La historia de una presa política
Luisa nació en Caracas en el año 1799, mismo año que descubrieron la conspiración de Gual y España en La Guaira. Su padre, José Domingo Cáceres, era profesor de gramática y latín. Su mamá, Carmen Díaz, como era tradición de la época, orientó sus saberes a ejercer labores de una digna esposa, madre y ama de casa. A pesar de no recibir instrucción escolarizada, su papá se tomó la tarea de enseñarle a leer y escribir, así como un código de principios y normas morales, todo en blanco o negro. Sin líneas grises.
Apenas era una niña cuando el Capitán General de Venezuela, Juan Vicente Emparan, renunció a su mando frente al Cabildo de Caracas el 19 de abril de 1810, así como la posterior firma del acta de la independencia y estallido de la guerra de independencia.
En 1814, cuando tenía quince años, su belleza cautivó a un militar recién enviudado. Se trataba del coronel Juan Bautista Arismendi, dos décadas y media mayor que ella, un tipo pisando los cuarenta. Recibió condecoración de la Orden de los Libertadores de Venezuela, y, cumpliendo con el Decreto de Guerra a Muerte, firmado por Simón Bolívar, tan sólo meses antes, ordenó fusilar más de ochocientos prisioneros españoles en Caracas y pasar a cuchillo otros quinientos heridos y enfermos en el Hospital de La Guaira.
Imagine tener esa edad y saber que usted está casada con un subversivo y carnicero, a quien probablemente ya la corona ha puesto precio sobre su cabeza. ¿Conocía Luisa las magnitudes del enredo en el que acababa de meterse al dar el sí quiero el día de su boda?

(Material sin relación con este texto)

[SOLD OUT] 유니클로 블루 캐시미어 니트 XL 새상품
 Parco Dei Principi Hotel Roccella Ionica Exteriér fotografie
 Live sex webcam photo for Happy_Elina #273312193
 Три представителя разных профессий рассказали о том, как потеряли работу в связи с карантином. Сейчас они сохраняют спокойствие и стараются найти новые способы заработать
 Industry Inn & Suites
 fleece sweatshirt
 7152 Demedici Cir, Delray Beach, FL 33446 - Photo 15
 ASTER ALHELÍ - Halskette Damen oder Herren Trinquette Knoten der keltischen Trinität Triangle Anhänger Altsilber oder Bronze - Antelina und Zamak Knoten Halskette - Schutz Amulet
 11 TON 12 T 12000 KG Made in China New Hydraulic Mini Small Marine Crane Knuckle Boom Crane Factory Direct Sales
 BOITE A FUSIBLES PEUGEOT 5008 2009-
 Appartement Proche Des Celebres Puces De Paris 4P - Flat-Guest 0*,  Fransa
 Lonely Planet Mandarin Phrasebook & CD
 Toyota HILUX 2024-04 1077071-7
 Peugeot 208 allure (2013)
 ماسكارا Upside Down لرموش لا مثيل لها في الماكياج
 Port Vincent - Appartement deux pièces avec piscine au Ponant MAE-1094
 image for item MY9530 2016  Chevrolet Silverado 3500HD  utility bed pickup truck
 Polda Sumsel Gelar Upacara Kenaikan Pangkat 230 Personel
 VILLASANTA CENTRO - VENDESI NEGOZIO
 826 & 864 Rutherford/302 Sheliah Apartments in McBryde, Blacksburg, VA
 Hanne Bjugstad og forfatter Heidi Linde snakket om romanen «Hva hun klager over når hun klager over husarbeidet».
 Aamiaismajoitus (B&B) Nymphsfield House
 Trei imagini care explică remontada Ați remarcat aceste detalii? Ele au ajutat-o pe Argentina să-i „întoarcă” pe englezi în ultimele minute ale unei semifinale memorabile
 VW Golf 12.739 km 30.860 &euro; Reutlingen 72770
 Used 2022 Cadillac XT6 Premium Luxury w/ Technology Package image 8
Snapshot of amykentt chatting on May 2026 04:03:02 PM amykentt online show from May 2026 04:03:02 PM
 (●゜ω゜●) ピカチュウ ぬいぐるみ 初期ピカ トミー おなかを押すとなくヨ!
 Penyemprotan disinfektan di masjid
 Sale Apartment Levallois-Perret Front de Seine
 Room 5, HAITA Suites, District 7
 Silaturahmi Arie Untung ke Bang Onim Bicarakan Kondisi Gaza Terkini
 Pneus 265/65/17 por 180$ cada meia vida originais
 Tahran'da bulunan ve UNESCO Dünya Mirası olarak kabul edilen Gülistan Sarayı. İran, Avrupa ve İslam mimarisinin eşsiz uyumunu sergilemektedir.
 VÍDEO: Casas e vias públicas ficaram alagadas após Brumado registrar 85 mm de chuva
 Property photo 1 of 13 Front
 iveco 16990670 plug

Si todavía no lo asimilaba, podemos decir con certeza que tocó aprender por las malas al escoger el peor de los años para contraer nupcias con un militar que apoyaba las mesnadas del rebelde Simón Bolívar, a quien Caracas bautizó con el título de Libertador y se vio forzado a evacuar la ciudad, emprendiendo la penosa retirada conocida como la “Emigración a Oriente”, huyendo de José Tomás Boves y su horda de salvajes que llamaba “La legión infernal”.
La persecución fue feroz. Acompañando a Bolívar, Arismendi fue uno de los pocos privilegiados en conformar la vanguardia, cabalgando junto a su esposa y suegra. Luisa y doña Carmen gozaron de magnífica custodia, pero don José Domingo y los cuatro varones de la familia, quienes iban más atrás en la columna, fueron aniquilados por los bárbaros del diablo asturiano en Ocumare.
Con mucha suerte y paso apurado, alcanzaron Barcelona, luego Cumaná, donde lograron escapar embarcados hasta Margarita. El Libertador y Santiago Mariño zarparon desde aquella isla en dirección a Cartagena de Indias, ascendiendo a Juan Bautista Arismendi al rango de general y nombrándolo gobernador provisional de Margarita.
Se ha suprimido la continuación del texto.